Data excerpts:
++++++++
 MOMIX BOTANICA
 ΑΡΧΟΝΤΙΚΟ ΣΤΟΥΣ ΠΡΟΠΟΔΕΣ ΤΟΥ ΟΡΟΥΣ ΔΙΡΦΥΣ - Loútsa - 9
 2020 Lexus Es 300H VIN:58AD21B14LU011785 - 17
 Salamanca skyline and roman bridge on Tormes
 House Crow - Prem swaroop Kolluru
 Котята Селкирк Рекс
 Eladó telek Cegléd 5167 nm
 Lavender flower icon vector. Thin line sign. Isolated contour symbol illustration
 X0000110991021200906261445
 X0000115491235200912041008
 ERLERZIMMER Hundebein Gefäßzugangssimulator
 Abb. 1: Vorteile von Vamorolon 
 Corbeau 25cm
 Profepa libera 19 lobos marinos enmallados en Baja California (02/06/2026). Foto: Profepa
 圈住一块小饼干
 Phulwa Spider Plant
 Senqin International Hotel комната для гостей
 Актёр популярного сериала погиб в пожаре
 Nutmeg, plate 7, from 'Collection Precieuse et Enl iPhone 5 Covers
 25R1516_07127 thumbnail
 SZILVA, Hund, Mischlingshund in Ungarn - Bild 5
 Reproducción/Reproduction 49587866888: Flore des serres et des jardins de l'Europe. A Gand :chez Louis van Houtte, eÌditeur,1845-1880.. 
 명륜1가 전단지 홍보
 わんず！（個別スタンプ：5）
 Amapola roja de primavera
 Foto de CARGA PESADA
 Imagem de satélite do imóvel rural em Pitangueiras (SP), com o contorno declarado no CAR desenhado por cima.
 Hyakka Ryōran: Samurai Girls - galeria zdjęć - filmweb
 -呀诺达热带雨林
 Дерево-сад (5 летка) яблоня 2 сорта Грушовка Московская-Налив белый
++++++++
The expected answer is a copy of every line in the entries that holds the word "Foto".

 Profepa libera 19 lobos marinos enmallados en Baja California (02/06/2026). Foto: Profepa
 Foto de CARGA PESADA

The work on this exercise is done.